Why would Matthew want to call attention to these foreign women in Jesus’s genealogy? What message would that send?


Matthew might have included these women in part to deflect any criticism about Jesus’s birth circumstances.  If the irregularities in David and Solomon’s lineage did not disqualify them from the throne of an eternal dynasty, then Jesus’s lineage does not disqualify him either.  Joseph essentially adopted Jesus into the family line by taking him into his home, so he had a legitimate claim to being a son of David on the human level.


Matthew’s genealogy ends with “Joseph the husband of Mary, of whom Jesus was born” (1:17 NRSV), which does not follow the standard male-line genealogy of “So-and-so, the father of So-and-such,” which might have been expected to end with “Joseph, the father of Jesus.”  That would not have been accurate, as Matthew will explain shortly.


When we look at God choice to make room in Jesus’s lineage for people of different backgrounds, how might that guide us in our attitudes toward people who have different backgrounds from ours?


How does the presence of Gentiles in Jesus’s ancestry connect to the last two verses of Matthew’s Gospel (Mat. 28:19-20)?

The good news about Jesus is meant for people of all nations.


Sneak peak: Matthew spends a significant portion of his Gospel reporting Jesus’s preaching, healing, and miracles in Gentile areas.


Matthew says in verse 14 that his genealogy has 3 sets of 14 generations.  The number 14 might have been considered important as the numerical value of the sum of the three letters that make up David’s name in Hebrew.


Matthew’s genealogy walks through the story of the Jews from the beginning with Abraham, to a high point when David was king, to the depths of despair when the Israelites were sent into exile to Babylon, and on to Jesus.  How do you see Jesus serving as the climax to this story?


Note: The Gospel writers were not aiming for genealogical perfection.  Matthew is focused on his 3 times 14 arrangement.  Luke has many more names in his list and is telling the genealogical history to make a different point.  (Note: It is possible that Luke’s list is a genealogy of Mary, but there is no evidence to support the claim.)  Matthew is not trying to nail down every genealogical detail.  For example, considering the many decades between Rahab’s role in the Jericho story and Boaz’s role in the story of Ruth (David’s great-grandmother), Rahab could not have been the mother of Boaz.  (Matthew is the only one who makes that claim; the book of Ruth, where Boaz’s story is told, does not make that claim.)  Matthew’s list also doesn’t quite match up with the list in 1 Chronicles (see 1 Chron. 3:11-12).  The Gospel writers were not trying to nail down every genealogical detail.  They were trying to make much bigger and broader points.


What do you think Matthew’s goals were in including this genealogy at the beginning of his story of Jesus?  What points does he want us to take from it?

It connects Jesus to the great past figures and also prepares us for the unique birth of Jesus by showing that irregularities show up in many places in the story of God’s people.


Scholarly footnote: The third genealogical group, from the Exile to Jesus, is only 13 generations.  Some scholars wonder if the 14th generation is Christ begetting the church.  



Take a step back and consider this:


During Advent of 2023, my home parish posted online a musical reflection for each of the weeks of Advent.  On the page Music for the Second Week of Advent (St.
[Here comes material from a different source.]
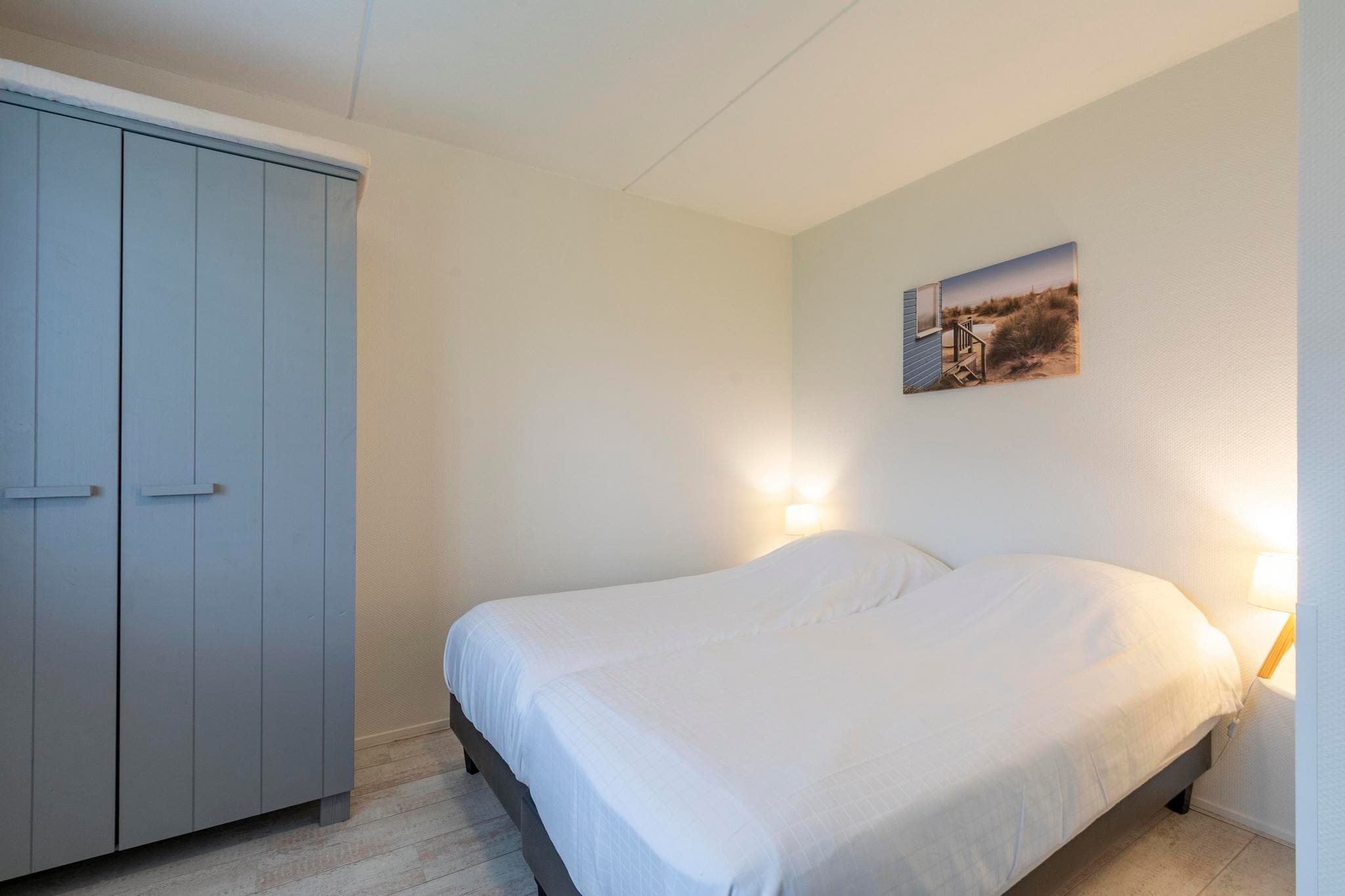 Beach Appartement 07-Slaapkamer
Peter’s Church on Capitol Hill,, we could listen to some lovely music including a remarkable interpretation of the genealogy of Jesus.  The third musical selection on that page offered a video titled “…which was the Son of — Arvo Pärt (b.1935).”  It can be found on YouTube here: Which Was the Son of... (Arvo Pärt) - Sofia Vokalensemble (“Which Was the Son of... (Arvo Pärt) - Sofia Vokalensemble.” Sofia Vokalensemble, 23 Oct. 2017,  In this piece, a choir sings a beautiful musical selection telling the genealogy of Jesus as presented in the Gospel of Luke.


The commentary on the page posted by St. Peter’s Parish acknowledged that “it can be dull to hear about Jesus’s genealogy,” but went on to say: “Estonian composer Arvo Pärt has set Luke’s version of this genealogy in such a way that it is no burden to hear Jesus’s family tree.  Rather, Pärt’s music seems something like an overture to the whole biblical narrative, an epic tale on par with Lord of the Rings or Chronicles of Narnia.  We are not bored by Jesus’s family tree; we are overwhelmed with wonder at its sweep across time.”
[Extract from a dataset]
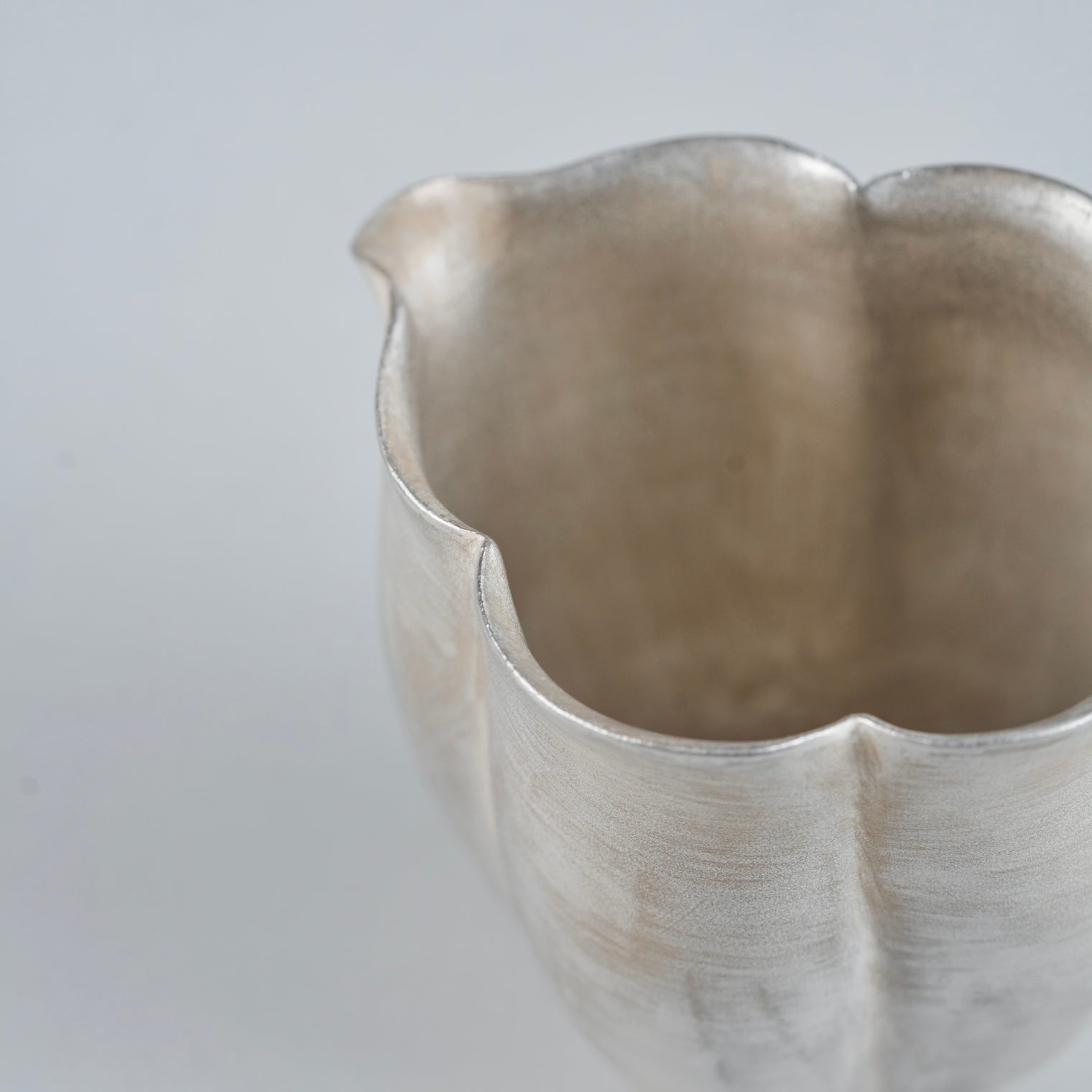 Usukiyaki, Fair Cup Small, Silver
This is beautiful!  Jesus takes his place within an entire history of the working of God in our world, so that he can save all of the people in that genealogy, all of the people who descended from them, and indeed all human beings, wherever they fall in human history.  God loved this world and the people he created so much that he chose to embed Himself in the world he created, in the history of that world, in the person of Jesus.


That is what we celebrate at Christmas — not a pleasant story about a sweet little baby, but rather an audacious story about a God who loved his creation so much that he was not afraid to get his hands dirty and assume our genealogy, to become one of us so that we could become like him.   Glory in the story — the story of God coming among us at Christmas!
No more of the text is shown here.